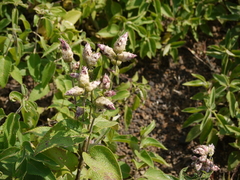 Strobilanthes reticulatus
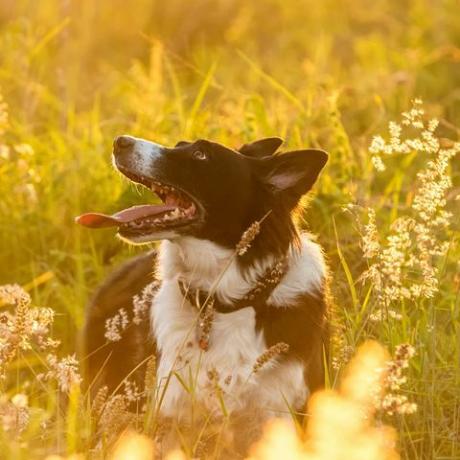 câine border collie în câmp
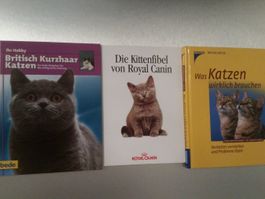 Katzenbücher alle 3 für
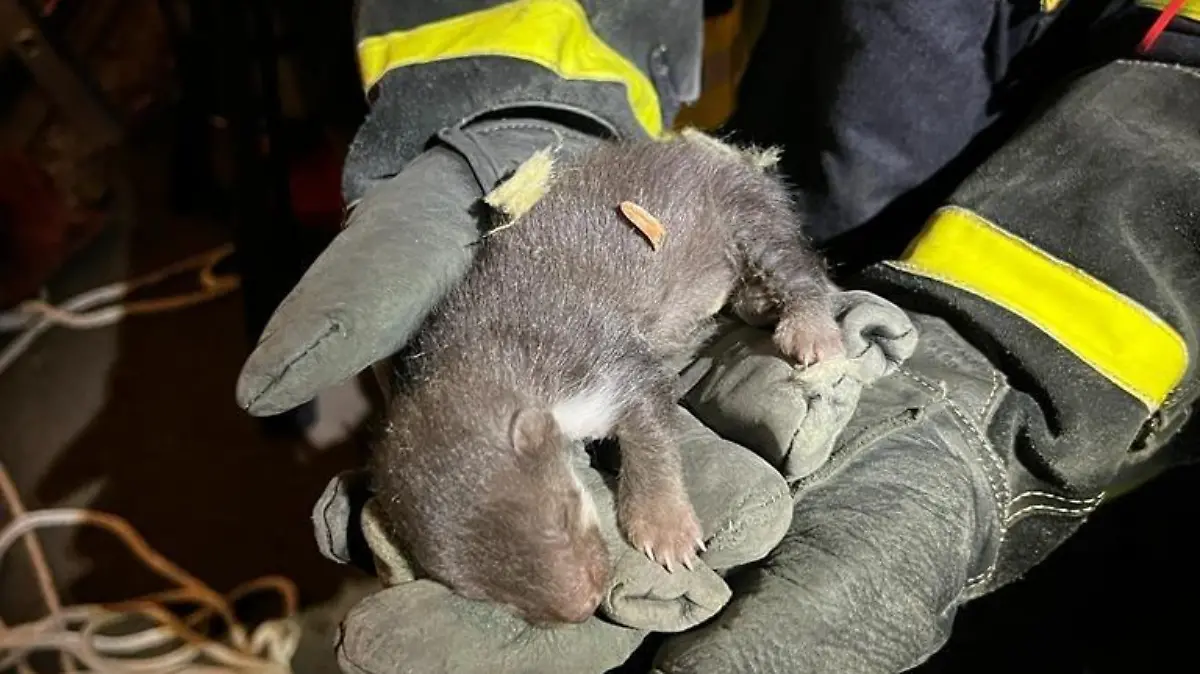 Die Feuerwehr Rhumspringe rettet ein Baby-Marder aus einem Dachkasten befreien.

# [WHAT YOU SHOULD DO]
The answer should be the complete listing, set down exactly, without pictures.

# [TASK RESULT]
 Strobilanthes reticulatus
 câine border collie în câmp
 Katzenbücher alle 3 für
 Die Feuerwehr Rhumspringe rettet ein Baby-Marder aus einem Dachkasten befreien.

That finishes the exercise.